The top of the Ci95m is held onto the bottom by three small, powerful magnets, and easily “splits” opens to reveal two easily replaceable AA batteries, and a small ‘parking space’ for the nano receiver. The ‘parking space’ also has a powerful magnet that holds the receiver securely in place inside the mouse when not in use.
But how does it work as a mouse? Installing it was simple, as there really was no install needed, it works right out of the box. Simply open the mouse, remove the receiver and plug it into any USB port. Insert two AA batteries into the mouse, replace the top, and you are ready to go. To prevent battery drain when not in use, the mouse has a small slide on the bottom that covers the laser and turns off the mouse. Slide this open to reveal the laser and turn on the mouse, and you should be working. The mouse also shuts itself off if not used for a while, and can be woken by simply pressing any mouse button. With these power saving features, Kensington says you should get about 6 months of use from a new set of batteries. I have only been using it regularly for about 5 weeks now on the first set of batteries, so I will have to let you know, but so far, this is already much longer than many Bluetooth mice I have tried.

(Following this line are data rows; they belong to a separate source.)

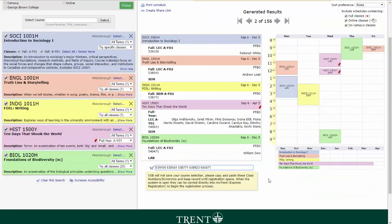After you've chosen all of your classes, you need to officially register in them. Please note that it's important to copy and save the course synonyms for your schedule found next to the shopping cart icon, as the Visual Schedule Builder does not save your course selection. Each six-digit number represents each of your courses, and it is these numbers that you will need to register.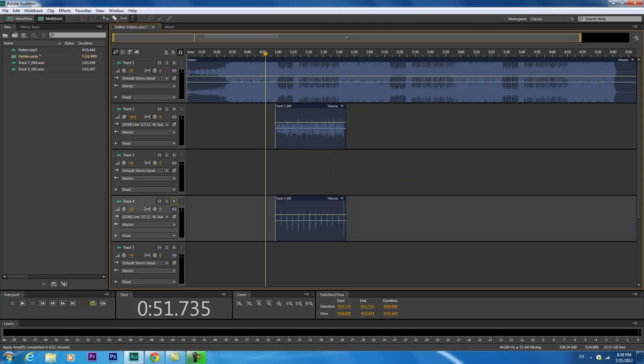Yo, what up? It's TZ. I'm about to show y'all a tutorial on how to mix on Adobe Audition CS6. I'm about to play this for a little bit so y'all can hear the quality of it. I just recorded it just for this video, so that's it.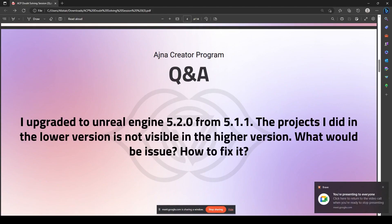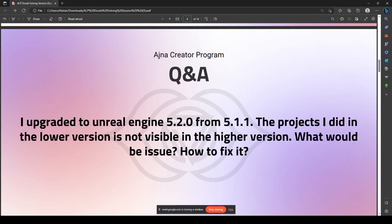I upgraded to Unreal Engine 5.2.0 from 5.1.1. The projects I did in the lower version are not visible in the higher version. What would be the issue and how to fix it?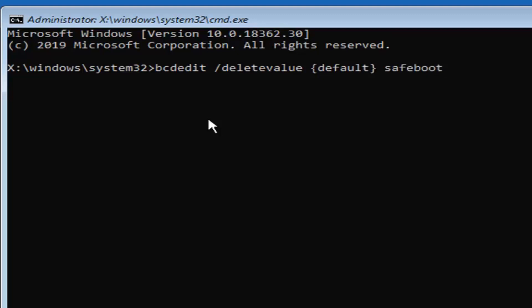Again bcdedit space forward slash delete value, so d-e-l-e-t-e-v-a-l-u-e followed by a space and then the curvy brackets default. Then we're going to close the curvy bracket, then another space and then safe boot all one word so s-a-f-e-b-o-o-t. Hit enter on your keyboard.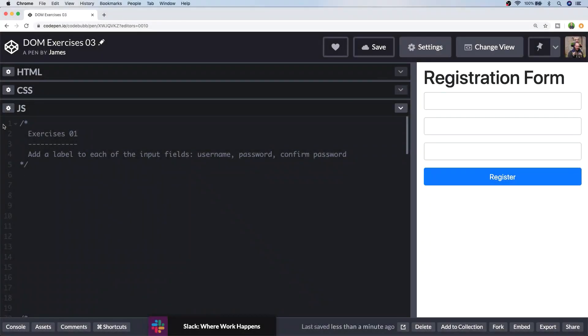In this set of JavaScript exercises we're going to look at working with the DOM again and in particular on building up a registration form.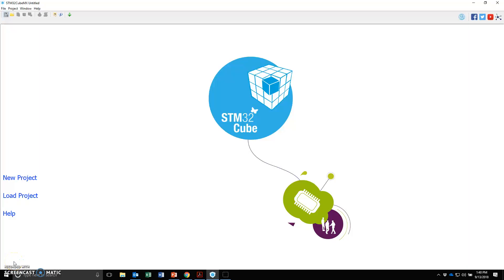Alright, welcome. A short video on how to create a new project using the STM32CubeMX for our Nucleo F746 board.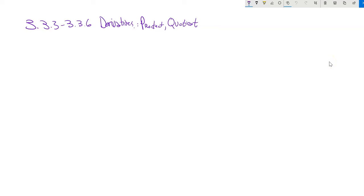This is Math 151. We are going to do the rest of section 3 right now, and really we're going to focus on two relationships — products and quotients — within derivatives. So let's start with the product rule.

There is nothing special about this mouse when it comes to controls; it has a left and right mouse button, and a clickable scroll wheel. While the left and right buttons works as expected for any mouse, clicking the scroll wheel did nothing on my Mac at first. And because there is no software driver installed, there was also no way to assign this button to a specific function. Changes to the Mouse Preference Panel affect this mouse as they would any wired mouse, but there is no “middle button” control there. However, in the Expose Preference panel, you can assign some of the Expose functions to a second or middle mouse button, but that’s it on the Mac. The scroll wheel itself worked fine in Finder windows and documents, scrolling up and down as expected, and scrolling speed can be adjusted in the Mouse System Preference as well.
As with most optical mice, it should work on most surfaces, and I tested this mouse on a number of different surfaces with no problems at all. I tried a carpet, a shiny wood table, a manila file folder, a white piece of paper, a magazine, and many other surfaces as well. Like all optical mice, it does not work on glass or any clear surface, and trying it on a glass coffee table did not work at all, as expected. If you have a glass desk, a mouse pad will solve this problem.

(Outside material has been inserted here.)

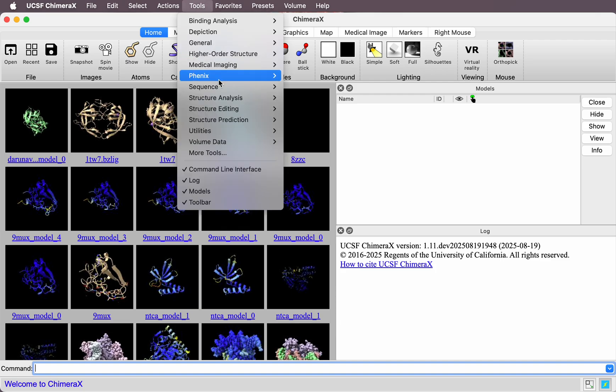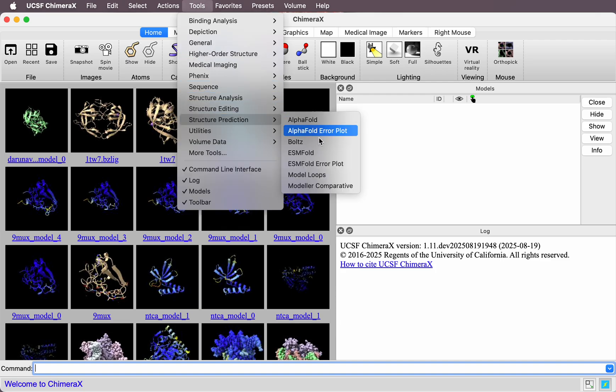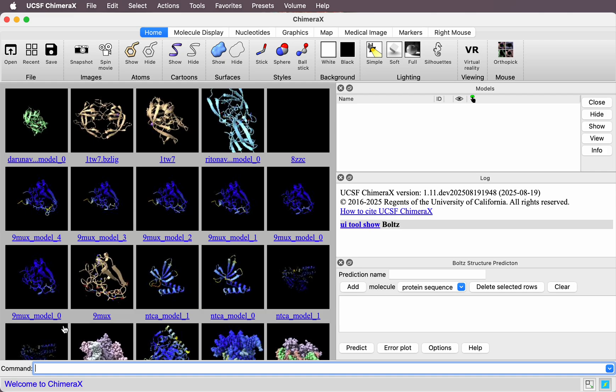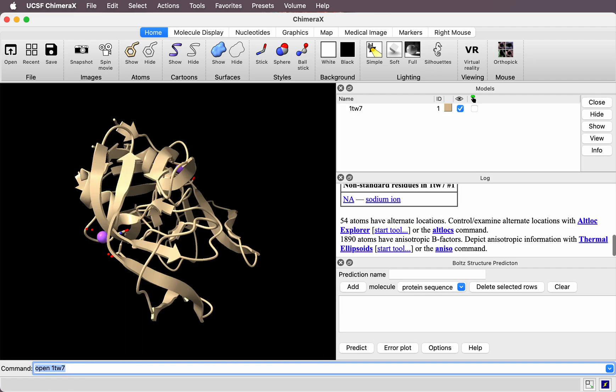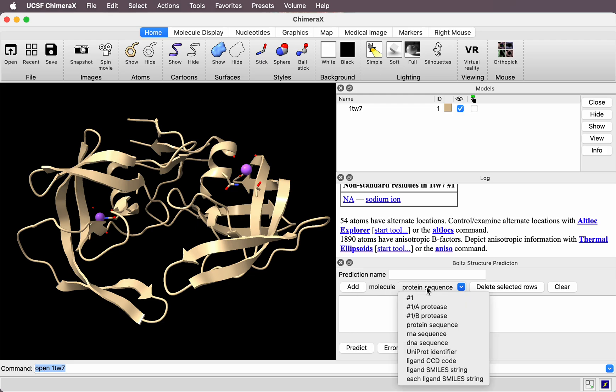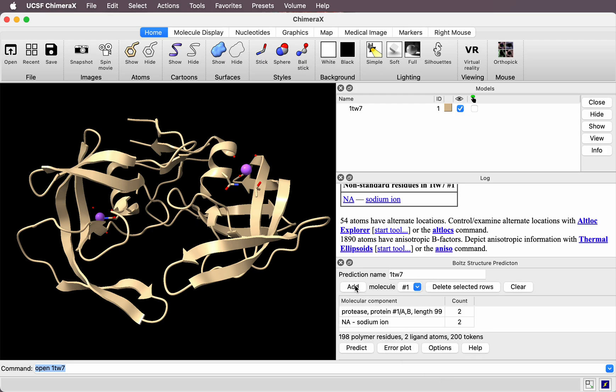I'll go to Tools, Structure Prediction, BOLTS. The first thing I need to do is add the HIV protease dimer. I could paste in the sequence, but I can also take it from an existing structure. I'm going to open an existing structure instead—it's a little easier. Then where it says add molecule, I'll choose number 1 and press add.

Kensington markets this as a travel mouse and given the rather flat shape, easily slipped into my travel bag taking up very little space. But this will also work well at home too. Simply plug in the nano receiver and forget it, and you have a great home wireless mouse as well.
My only minor complaint on this mouse was that I could not configure the buttons. I really wanted to be able to assign the center button to something I wanted, and not just an Expose function (I choose Show Desktop.) But not having to install a special driver to use the mouse seems like a great trade off. In fact, this mouse easily moved from one machine to another, from Mac to PC and back as easy as any wired mouse with no drivers to install anywhere, and that I found very useful and convenient.
So if a flexible, small, lightweight, comfortable, travel wireless mouse is what you need, this is a great mouse at a very reasonable price. If you need configurable or more than three buttons, or do not like that it is not Bluetooth (a plus in my view) then this is not the mouse for you and you should look elsewhere.
Great battery saving technology, VERY small receiver; reasonably priced.
Cannot assign button functions.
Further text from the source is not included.